Chimney Swift Conservation

Conserving a declining species

Chimney Swifts have declined by over 50% in just the last 40 years. Chimney Swifts can be helped by making chimneys accessible for the birds or by building Chimney Swift Towers -- specially designed nesting/roosting towers. 


  • Plant native trees, shrubs, flowers and grasses that attract more insects than non-native plants. Chimney Swifts feed exclusively on flying insects which are crucial during the breeding season.
  • Investigate an alternative venting system if you are converting a furnace or hot water heater to gas, leaving the chimney unlined and uncapped for the swifts.
  • Work with an experienced chimney sweep company that can speak to the issue of Chimney Swift conservation and chimney maintenance.
  • Encourage your neighborhood parks, schools, and businesses to build chimney swift towers.
  • Work with local conservation groups to raise awareness of the need for uncapped chimneys for Chimney Swift conservation.
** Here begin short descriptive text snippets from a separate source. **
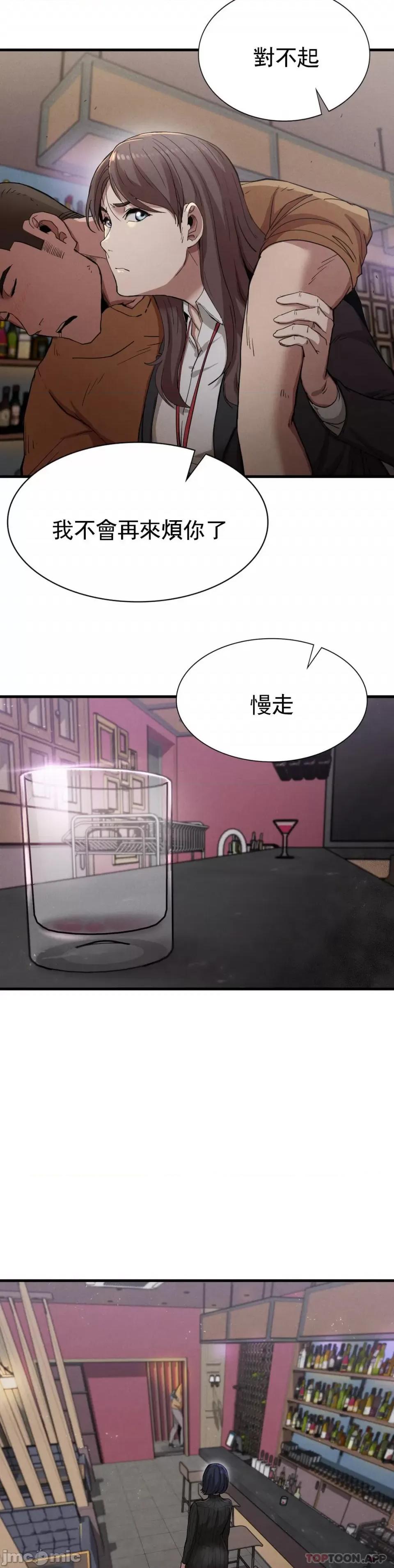 復仇 復仇 14 第37页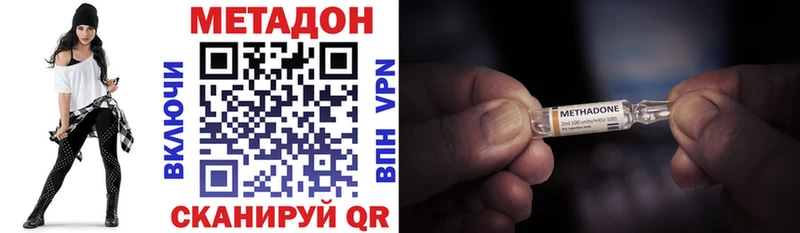 МЕТАДОН methadone  Александровск-Сахалинский 
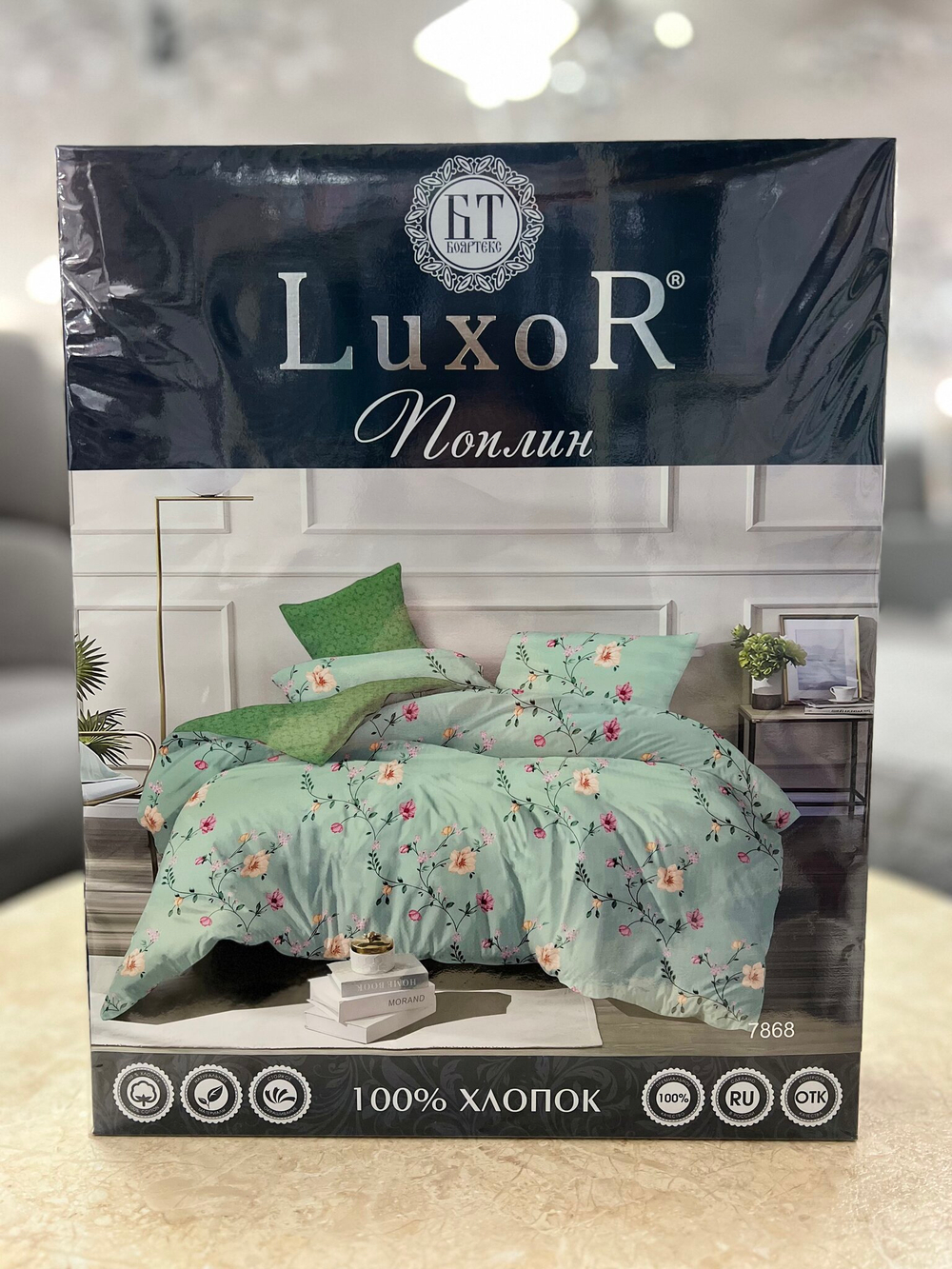 КПБ Поплин Luxor диз. № 7868 A/B (2,0-сп. с европростыней)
  • Chimney swifts have declined by over 50% in just the last 40 years
  • Small, agile, fast-flying bird that is readily identified by its “flying cigar” profile
  • Breeds across much of eastern North America
  • Historically nested and roosted in hollow trees
  • Readily adapted to the insides of masonry chimneys
  • Winters in the Amazon Basin

Learn more about Chimney Swifts.


October, 2011. KARE-11 Simply Science video with Sven Sundgaard on Audubon Minnesota's Chimney Swift Conservation Project about a Boy Scout building a tower for his Eagle Project.

July 2011. Chimney swift conservation is highlighted in the July–August Audubon magazine, including a sidebar “Tower Power” with Audubon Minnesota’s Chimney Swift conservation project noted.
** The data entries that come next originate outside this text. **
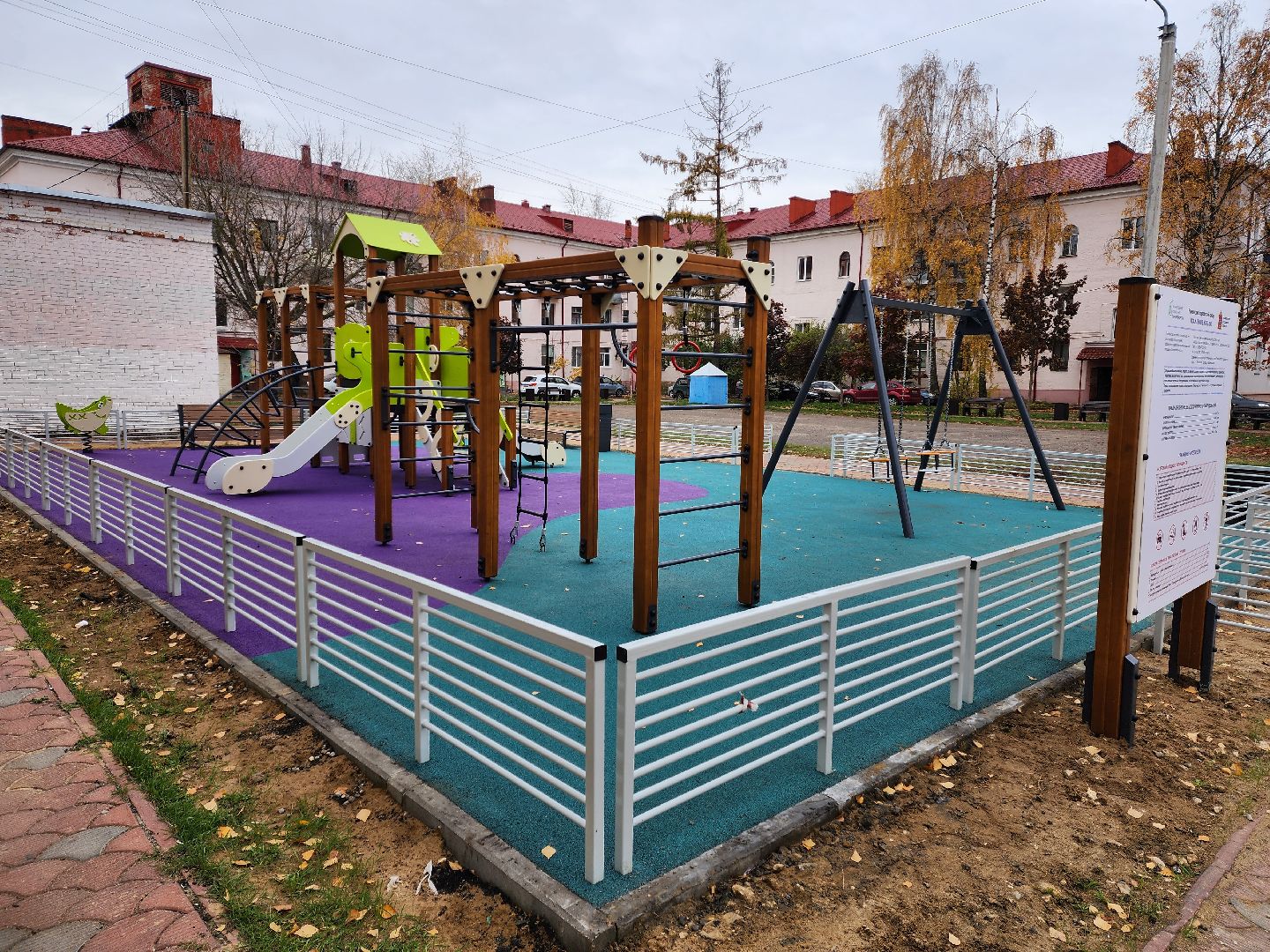 раменское, благоустройство, детские игровые площадки, Михалевича 33-35,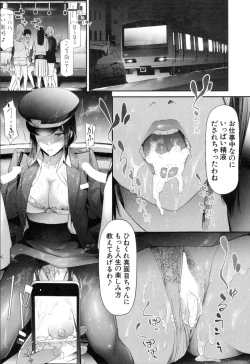 Page 105 of COMIC Mugen Tensei 2019-11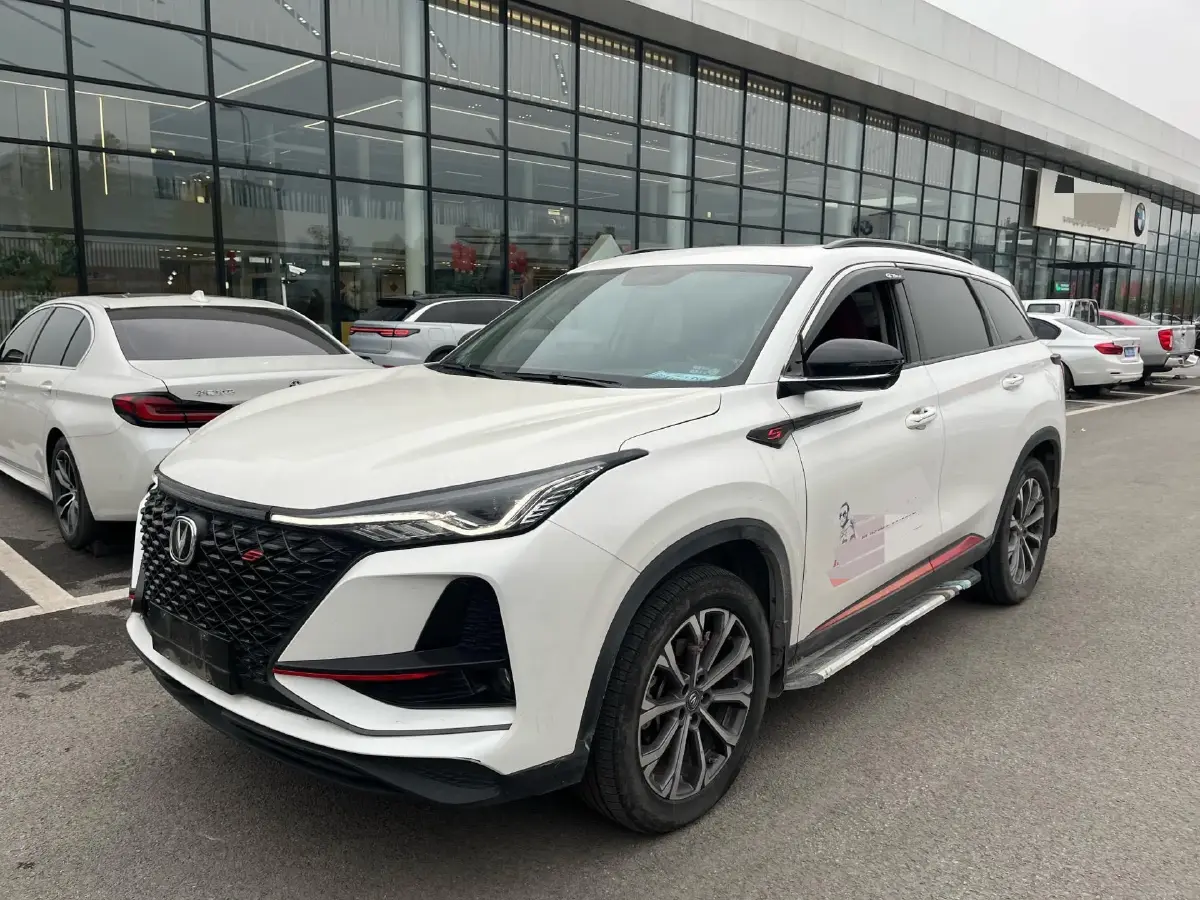 2020 ChangAn CS75 Plus 2.0T 233HP L4 8AT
June 30, 2011. "This knowledge has stopped conversation about putting a cap on the chimney," said Roger Storms following participation in a Community Chimney Swift Sit. "Education is a wonderful thing."

April 2011. Volunteers needed to help restore chimney swift habitat at the Minneapolis American Indian Center – See page 3 of Ojibwe Innaajimowin at

Dec. 9, 2010. Star-Tribune. Chimney swifts, which have declined 50 percent in the last 40 years, will be given new nesting sites.

Sept. 16, 2010. KARE-11 Simply Science video with Sven Sundgaard on Audubon Minnesota's Chimney Swift Conservation Project. "It is called the flying cigar because of their short, stubby bodies, long wing span," explains Ron.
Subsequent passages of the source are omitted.